## AIM OF THE TASK:
With the exception of the pictures, transcribe the entire listing exactly.

## PROVIDED DATA:
..............................

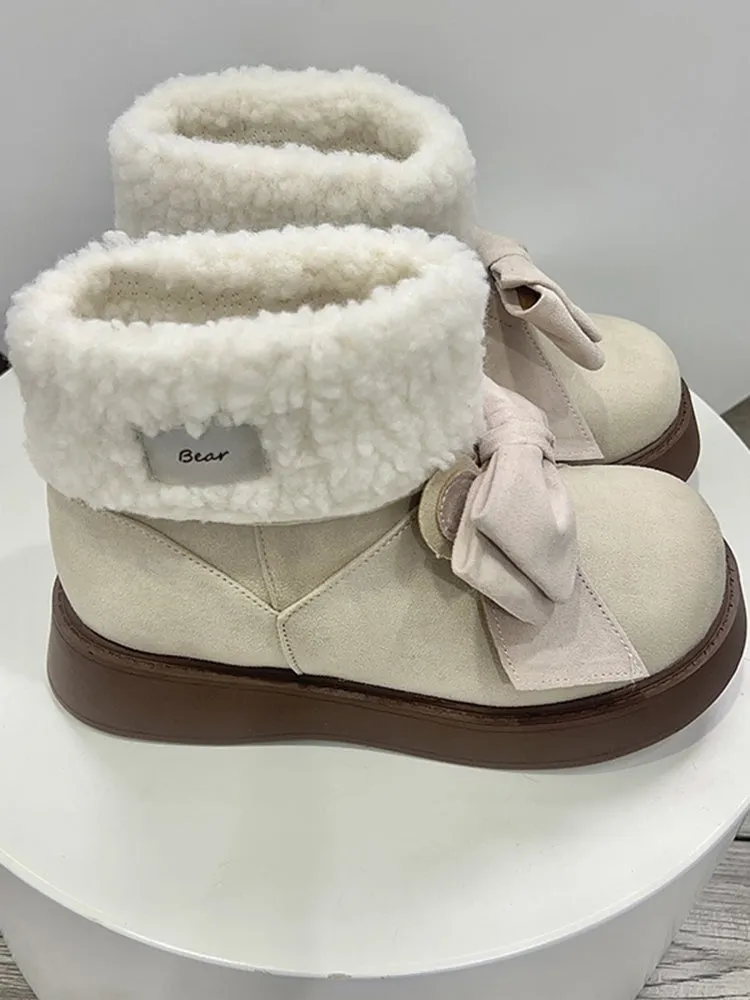 Beige Bunny Ear Bowknot Platform Winter Boots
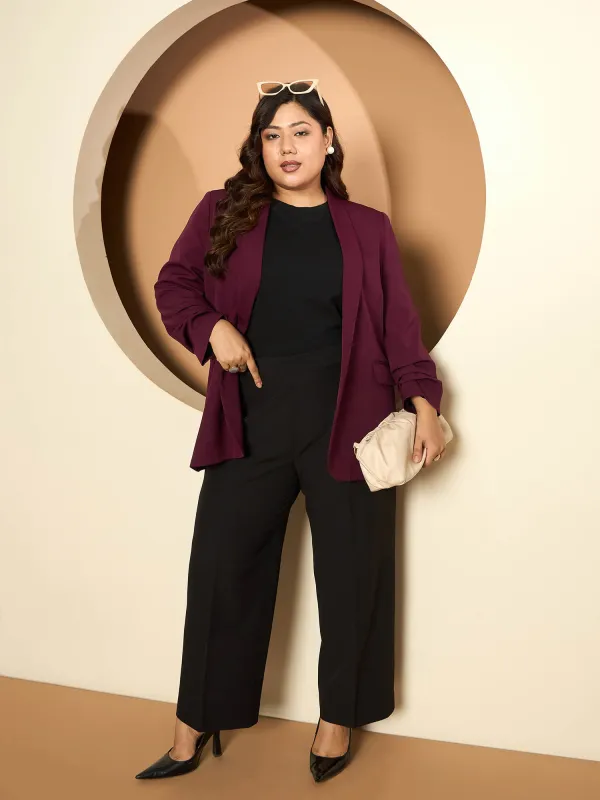 LB-Valorous Ruched Sleeve Blazer-Burgundy sold by Salt Attire
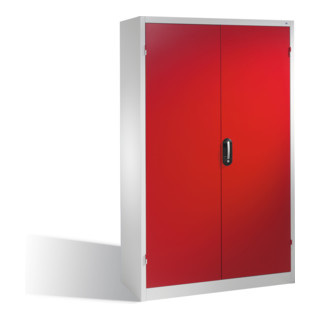 Armoire à outils pour charges lourdes C+P avec portes battantes, 4 tablettes intérieures, H1950xL1200xP400mm Façade rouge rubis Corps gris clair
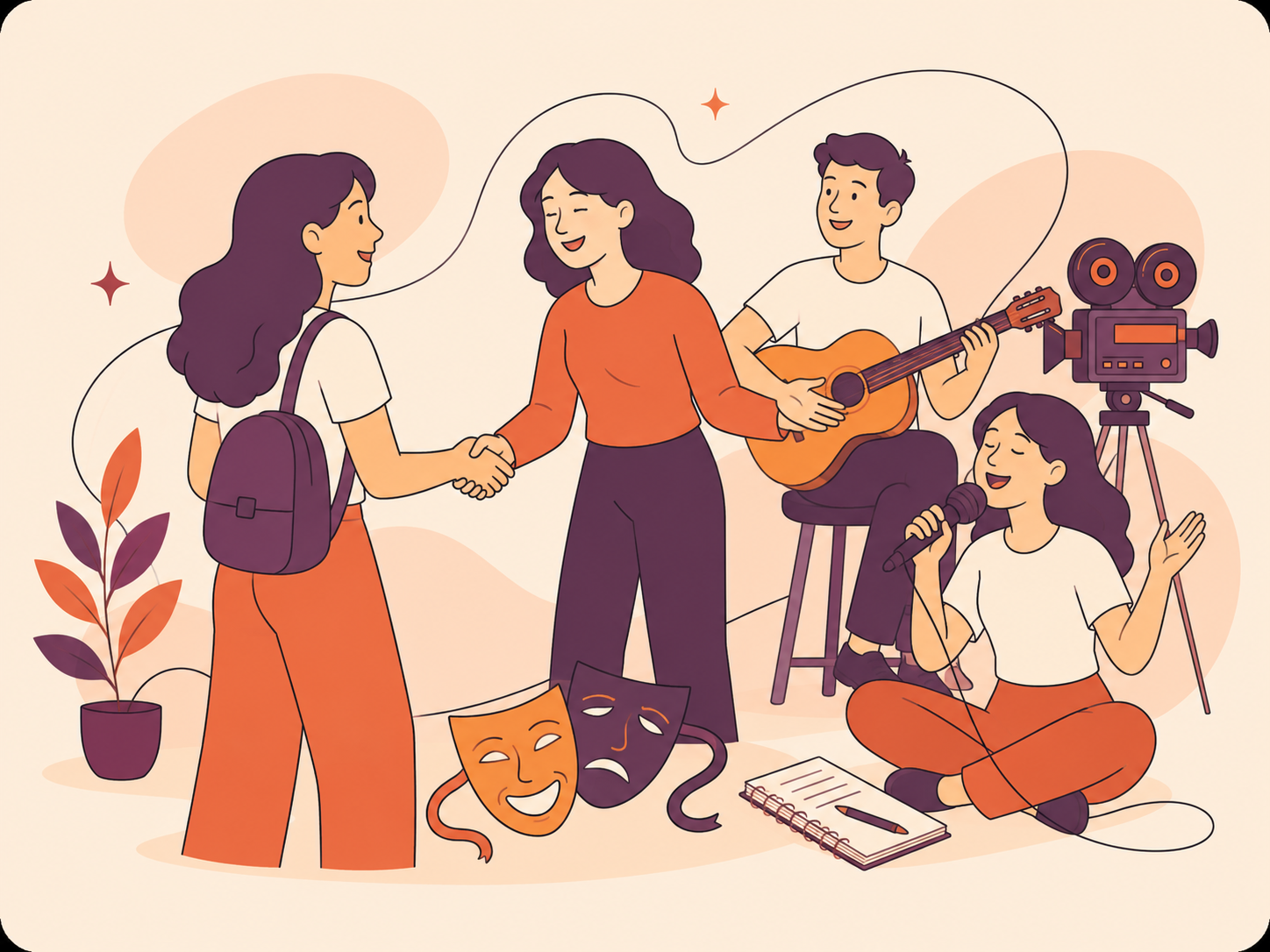 Illustrazione della prova gratuita con accoglienza, musica, teatro e filmmaking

..............................

## ANSWER TO THIS TASK:
 Beige Bunny Ear Bowknot Platform Winter Boots
 LB-Valorous Ruched Sleeve Blazer-Burgundy sold by Salt Attire
 Armoire à outils pour charges lourdes C+P avec portes battantes, 4 tablettes intérieures, H1950xL1200xP400mm Façade rouge rubis Corps gris clair
 Illustrazione della prova gratuita con accoglienza, musica, teatro e filmmaking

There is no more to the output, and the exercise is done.